She added that poverty is one of the major barriers in fulfilling the needs of children and the government has developed the National Social Security Strategy (NSSS) to build an inclusive social security system for all deserving citizens.
“Under social safety net programmes, our government has been disbursing various allowance among 10.7 million people of the country. Children are also beneficiaries of these programmes.”
On education, Hasina said Bangladesh has made 'remarkable progress' in primary school enrolment.
“About 98 percent of school going children are enrolled. Primary school students are supported by stipend, about 23 million students have been brought under various stipend and scholarship programs.”
Here, the MICS-2019 data also says that one in five children do not complete primary school. Nearly half of children do not have a birth registration. Over 100,000 children are in institutional care and lack family support. One in every two girls is made to marry while still a child. Untold millions of children live on the streets.
"Social workers reach deep into communities where children need them the most. I congratulate the government of Bangladesh for this dramatic increase in the number of social workers to help more children to benefit from critical professional care," said Sheldon Yett, UNICEF representative to Bangladesh.
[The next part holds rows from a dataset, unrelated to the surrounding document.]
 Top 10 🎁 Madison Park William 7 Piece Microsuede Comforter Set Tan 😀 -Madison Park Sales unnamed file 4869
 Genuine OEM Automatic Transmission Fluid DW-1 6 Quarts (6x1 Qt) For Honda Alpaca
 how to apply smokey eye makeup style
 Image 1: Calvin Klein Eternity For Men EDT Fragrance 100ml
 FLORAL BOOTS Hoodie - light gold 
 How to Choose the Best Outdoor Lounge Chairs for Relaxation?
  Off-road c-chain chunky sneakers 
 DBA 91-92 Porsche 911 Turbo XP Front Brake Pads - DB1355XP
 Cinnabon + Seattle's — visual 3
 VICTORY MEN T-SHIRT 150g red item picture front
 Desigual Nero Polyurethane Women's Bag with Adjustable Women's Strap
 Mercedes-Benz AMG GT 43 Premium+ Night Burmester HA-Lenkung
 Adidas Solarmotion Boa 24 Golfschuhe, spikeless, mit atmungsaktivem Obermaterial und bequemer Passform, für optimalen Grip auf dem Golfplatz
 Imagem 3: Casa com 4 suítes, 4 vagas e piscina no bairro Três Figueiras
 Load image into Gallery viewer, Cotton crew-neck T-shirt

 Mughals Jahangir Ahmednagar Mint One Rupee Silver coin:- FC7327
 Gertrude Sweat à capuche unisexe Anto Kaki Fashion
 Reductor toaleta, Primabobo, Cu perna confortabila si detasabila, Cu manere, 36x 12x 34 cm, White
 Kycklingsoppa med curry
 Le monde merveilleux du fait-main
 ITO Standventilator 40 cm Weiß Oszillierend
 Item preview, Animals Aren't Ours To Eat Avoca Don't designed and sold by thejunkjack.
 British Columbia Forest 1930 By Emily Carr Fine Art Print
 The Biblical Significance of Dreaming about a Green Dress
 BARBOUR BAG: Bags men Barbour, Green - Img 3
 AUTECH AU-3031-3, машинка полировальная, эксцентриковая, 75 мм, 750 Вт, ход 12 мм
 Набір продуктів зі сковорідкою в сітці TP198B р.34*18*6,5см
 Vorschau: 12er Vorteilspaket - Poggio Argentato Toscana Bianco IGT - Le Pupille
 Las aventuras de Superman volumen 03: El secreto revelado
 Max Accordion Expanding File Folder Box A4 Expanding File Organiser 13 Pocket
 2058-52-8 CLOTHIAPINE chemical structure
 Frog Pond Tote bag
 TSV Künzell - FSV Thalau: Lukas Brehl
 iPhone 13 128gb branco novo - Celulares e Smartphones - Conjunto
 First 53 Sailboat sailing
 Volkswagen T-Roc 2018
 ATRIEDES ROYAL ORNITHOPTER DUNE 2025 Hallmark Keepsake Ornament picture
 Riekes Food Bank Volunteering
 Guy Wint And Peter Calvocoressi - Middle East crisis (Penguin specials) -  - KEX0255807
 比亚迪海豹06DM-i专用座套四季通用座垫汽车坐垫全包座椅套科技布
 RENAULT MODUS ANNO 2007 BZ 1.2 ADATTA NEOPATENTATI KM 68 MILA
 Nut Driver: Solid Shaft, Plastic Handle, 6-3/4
Ambassador Charles Whiteley, the head of the EU delegation to Bangladesh, said: "Children hold a significant potential to accelerate Bangladesh's development. Our event today is a unique opportunity towards ensuring children are protected from violence, abuse and exploitation, in particular the most vulnerable children and children with disabilities. The EU remains committed to supporting the government to strengthen child protection systems in Bangladesh.”
Saima Wazed, the chairperson of Shuchona Foundation and advisor to the WHO director-general on mental health and autism, gave the keynote presentation at the event.
“Every child has potential, every child can contribute to the society. We just have to create that environment for them,” she said.